> [PROBLEM TO WORK ON]: Return, character for character, the lines from the one bearing "Edificio en el" through the end of the material. Omit everything before that line.

> [DATA FOR THIS EXERCISE]:
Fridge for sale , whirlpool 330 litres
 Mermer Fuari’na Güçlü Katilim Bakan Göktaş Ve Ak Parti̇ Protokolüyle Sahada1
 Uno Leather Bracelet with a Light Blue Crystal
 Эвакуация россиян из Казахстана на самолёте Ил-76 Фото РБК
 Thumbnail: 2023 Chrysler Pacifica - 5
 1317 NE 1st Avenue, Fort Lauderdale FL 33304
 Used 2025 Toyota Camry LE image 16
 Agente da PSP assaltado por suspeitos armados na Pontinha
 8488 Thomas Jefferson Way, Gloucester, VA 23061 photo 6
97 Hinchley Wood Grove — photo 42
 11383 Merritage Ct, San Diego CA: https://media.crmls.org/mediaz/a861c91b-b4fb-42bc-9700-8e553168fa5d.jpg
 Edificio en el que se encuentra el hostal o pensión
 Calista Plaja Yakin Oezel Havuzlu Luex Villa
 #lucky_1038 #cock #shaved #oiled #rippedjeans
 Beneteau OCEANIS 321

> [SOLUTION FOR THIS EXERCISE]:
 Edificio en el que se encuentra el hostal o pensión
 Calista Plaja Yakin Oezel Havuzlu Luex Villa
 #lucky_1038 #cock #shaved #oiled #rippedjeans
 Beneteau OCEANIS 321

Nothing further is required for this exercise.